* [Exercise] Use the entries below and reproduce exactly the lines from the one containing "x_particulier's tweet photo. #valneva ⭐️⭐️⭐️" down to the one containing "4PC WHITE MARBLE", both of them included.

* [Given information]
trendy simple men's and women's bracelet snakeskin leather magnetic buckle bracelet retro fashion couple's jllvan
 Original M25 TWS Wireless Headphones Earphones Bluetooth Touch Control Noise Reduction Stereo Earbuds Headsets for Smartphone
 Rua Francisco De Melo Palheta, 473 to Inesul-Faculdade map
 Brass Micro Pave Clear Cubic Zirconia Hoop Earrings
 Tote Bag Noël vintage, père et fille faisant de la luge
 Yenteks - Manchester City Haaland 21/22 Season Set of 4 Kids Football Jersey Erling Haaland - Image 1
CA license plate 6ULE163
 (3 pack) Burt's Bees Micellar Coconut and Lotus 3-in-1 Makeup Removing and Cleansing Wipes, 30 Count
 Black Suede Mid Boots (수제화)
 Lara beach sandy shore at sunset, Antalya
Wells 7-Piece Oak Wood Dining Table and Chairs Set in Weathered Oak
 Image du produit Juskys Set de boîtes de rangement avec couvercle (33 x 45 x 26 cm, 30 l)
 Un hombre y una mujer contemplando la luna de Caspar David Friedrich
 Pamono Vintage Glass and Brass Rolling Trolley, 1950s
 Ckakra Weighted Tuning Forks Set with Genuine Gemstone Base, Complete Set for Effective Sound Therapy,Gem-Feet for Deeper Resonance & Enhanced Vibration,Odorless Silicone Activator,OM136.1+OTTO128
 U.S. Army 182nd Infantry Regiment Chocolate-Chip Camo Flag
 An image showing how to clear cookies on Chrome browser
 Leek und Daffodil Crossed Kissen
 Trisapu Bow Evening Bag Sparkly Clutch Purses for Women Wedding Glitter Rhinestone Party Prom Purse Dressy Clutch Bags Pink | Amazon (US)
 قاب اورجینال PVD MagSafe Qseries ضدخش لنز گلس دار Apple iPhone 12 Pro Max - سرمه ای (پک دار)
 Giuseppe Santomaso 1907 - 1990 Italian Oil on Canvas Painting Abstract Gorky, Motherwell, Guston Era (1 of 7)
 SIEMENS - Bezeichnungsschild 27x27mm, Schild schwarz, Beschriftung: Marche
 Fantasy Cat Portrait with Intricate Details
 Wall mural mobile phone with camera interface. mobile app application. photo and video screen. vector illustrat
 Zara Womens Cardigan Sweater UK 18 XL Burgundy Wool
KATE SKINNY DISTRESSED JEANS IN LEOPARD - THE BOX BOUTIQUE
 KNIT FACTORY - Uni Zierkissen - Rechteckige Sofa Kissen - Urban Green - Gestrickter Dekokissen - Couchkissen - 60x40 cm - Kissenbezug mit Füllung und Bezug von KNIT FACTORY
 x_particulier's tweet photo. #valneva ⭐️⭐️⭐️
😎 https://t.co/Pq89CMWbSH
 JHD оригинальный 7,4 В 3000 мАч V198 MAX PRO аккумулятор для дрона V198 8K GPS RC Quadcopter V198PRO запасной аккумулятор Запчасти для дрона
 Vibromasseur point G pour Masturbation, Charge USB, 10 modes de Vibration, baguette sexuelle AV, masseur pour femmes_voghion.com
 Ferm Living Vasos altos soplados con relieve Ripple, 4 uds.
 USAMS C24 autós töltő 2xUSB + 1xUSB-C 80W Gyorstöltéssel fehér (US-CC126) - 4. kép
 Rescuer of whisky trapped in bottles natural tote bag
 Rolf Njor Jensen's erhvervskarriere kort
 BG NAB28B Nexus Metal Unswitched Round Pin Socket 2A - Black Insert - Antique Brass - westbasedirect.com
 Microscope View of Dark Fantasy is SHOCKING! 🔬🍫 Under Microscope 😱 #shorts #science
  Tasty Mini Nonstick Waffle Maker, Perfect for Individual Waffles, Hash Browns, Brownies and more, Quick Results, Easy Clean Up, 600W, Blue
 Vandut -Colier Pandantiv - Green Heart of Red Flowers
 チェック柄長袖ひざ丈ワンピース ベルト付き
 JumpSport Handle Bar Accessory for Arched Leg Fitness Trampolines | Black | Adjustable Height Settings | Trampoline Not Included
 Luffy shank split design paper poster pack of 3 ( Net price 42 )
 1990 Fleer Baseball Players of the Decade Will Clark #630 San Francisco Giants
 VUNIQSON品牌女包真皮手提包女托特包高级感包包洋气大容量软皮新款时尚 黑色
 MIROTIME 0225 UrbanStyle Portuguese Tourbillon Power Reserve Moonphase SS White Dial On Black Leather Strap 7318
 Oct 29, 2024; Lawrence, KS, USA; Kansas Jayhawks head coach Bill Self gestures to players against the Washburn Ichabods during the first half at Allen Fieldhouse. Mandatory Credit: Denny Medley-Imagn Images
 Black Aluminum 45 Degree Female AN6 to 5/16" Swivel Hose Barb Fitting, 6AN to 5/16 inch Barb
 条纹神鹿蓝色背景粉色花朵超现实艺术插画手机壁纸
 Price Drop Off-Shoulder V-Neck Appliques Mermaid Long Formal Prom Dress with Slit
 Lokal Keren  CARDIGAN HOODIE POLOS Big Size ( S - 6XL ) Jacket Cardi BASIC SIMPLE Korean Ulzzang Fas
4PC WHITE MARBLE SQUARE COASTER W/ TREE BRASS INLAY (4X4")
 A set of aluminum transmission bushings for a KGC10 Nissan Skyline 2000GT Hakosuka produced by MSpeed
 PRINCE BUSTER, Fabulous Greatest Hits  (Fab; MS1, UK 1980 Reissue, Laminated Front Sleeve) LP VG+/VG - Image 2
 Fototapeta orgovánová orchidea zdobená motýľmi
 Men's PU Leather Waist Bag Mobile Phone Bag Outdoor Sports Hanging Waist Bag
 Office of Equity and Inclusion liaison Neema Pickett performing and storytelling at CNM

* [Exercise response]
 x_particulier's tweet photo. #valneva ⭐️⭐️⭐️
😎 https://t.co/Pq89CMWbSH
 JHD оригинальный 7,4 В 3000 мАч V198 MAX PRO аккумулятор для дрона V198 8K GPS RC Quadcopter V198PRO запасной аккумулятор Запчасти для дрона
 Vibromasseur point G pour Masturbation, Charge USB, 10 modes de Vibration, baguette sexuelle AV, masseur pour femmes_voghion.com
 Ferm Living Vasos altos soplados con relieve Ripple, 4 uds.
 USAMS C24 autós töltő 2xUSB + 1xUSB-C 80W Gyorstöltéssel fehér (US-CC126) - 4. kép
 Rescuer of whisky trapped in bottles natural tote bag
 Rolf Njor Jensen's erhvervskarriere kort
 BG NAB28B Nexus Metal Unswitched Round Pin Socket 2A - Black Insert - Antique Brass - westbasedirect.com
 Microscope View of Dark Fantasy is SHOCKING! 🔬🍫 Under Microscope 😱 #shorts #science
  Tasty Mini Nonstick Waffle Maker, Perfect for Individual Waffles, Hash Browns, Brownies and more, Quick Results, Easy Clean Up, 600W, Blue
 Vandut -Colier Pandantiv - Green Heart of Red Flowers
 チェック柄長袖ひざ丈ワンピース ベルト付き
 JumpSport Handle Bar Accessory for Arched Leg Fitness Trampolines | Black | Adjustable Height Settings | Trampoline Not Included
 Luffy shank split design paper poster pack of 3 ( Net price 42 )
 1990 Fleer Baseball Players of the Decade Will Clark #630 San Francisco Giants
 VUNIQSON品牌女包真皮手提包女托特包高级感包包洋气大容量软皮新款时尚 黑色
 MIROTIME 0225 UrbanStyle Portuguese Tourbillon Power Reserve Moonphase SS White Dial On Black Leather Strap 7318
 Oct 29, 2024; Lawrence, KS, USA; Kansas Jayhawks head coach Bill Self gestures to players against the Washburn Ichabods during the first half at Allen Fieldhouse. Mandatory Credit: Denny Medley-Imagn Images
 Black Aluminum 45 Degree Female AN6 to 5/16" Swivel Hose Barb Fitting, 6AN to 5/16 inch Barb
 条纹神鹿蓝色背景粉色花朵超现实艺术插画手机壁纸
 Price Drop Off-Shoulder V-Neck Appliques Mermaid Long Formal Prom Dress with Slit
 Lokal Keren  CARDIGAN HOODIE POLOS Big Size ( S - 6XL ) Jacket Cardi BASIC SIMPLE Korean Ulzzang Fas
4PC WHITE MARBLE SQUARE COASTER W/ TREE BRASS INLAY (4X4")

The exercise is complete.